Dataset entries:
━━━━━━━━
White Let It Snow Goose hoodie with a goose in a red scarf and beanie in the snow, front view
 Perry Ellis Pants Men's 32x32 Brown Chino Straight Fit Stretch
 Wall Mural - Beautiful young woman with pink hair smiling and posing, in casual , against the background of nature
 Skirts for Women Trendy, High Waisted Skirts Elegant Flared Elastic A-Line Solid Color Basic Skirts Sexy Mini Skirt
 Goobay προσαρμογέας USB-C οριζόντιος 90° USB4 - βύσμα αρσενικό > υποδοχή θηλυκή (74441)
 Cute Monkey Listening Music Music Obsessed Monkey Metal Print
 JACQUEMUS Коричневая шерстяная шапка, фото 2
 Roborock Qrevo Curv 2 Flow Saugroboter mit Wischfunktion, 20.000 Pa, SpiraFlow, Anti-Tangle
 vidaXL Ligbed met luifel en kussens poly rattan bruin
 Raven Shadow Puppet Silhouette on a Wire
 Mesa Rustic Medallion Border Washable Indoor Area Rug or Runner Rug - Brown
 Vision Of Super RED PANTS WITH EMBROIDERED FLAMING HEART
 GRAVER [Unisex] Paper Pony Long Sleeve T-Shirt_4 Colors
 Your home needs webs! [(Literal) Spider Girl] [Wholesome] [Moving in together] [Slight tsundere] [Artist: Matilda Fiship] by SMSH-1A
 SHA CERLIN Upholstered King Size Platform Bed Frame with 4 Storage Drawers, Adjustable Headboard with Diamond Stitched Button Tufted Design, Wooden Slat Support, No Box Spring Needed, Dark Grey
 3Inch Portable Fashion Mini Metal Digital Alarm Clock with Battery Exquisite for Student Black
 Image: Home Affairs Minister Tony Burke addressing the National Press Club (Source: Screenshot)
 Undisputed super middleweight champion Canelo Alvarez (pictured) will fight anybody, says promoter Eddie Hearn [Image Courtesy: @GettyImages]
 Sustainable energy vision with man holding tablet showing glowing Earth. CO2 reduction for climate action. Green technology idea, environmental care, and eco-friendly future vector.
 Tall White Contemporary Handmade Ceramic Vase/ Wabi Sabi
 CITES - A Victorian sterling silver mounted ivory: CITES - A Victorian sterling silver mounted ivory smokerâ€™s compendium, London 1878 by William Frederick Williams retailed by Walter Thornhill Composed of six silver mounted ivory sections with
━━━━━━━━
Activity:
Wherever "Brown" appears in a line of the entries, copy that line.

Answer area:
 Perry Ellis Pants Men's 32x32 Brown Chino Straight Fit Stretch
 Mesa Rustic Medallion Border Washable Indoor Area Rug or Runner Rug - Brown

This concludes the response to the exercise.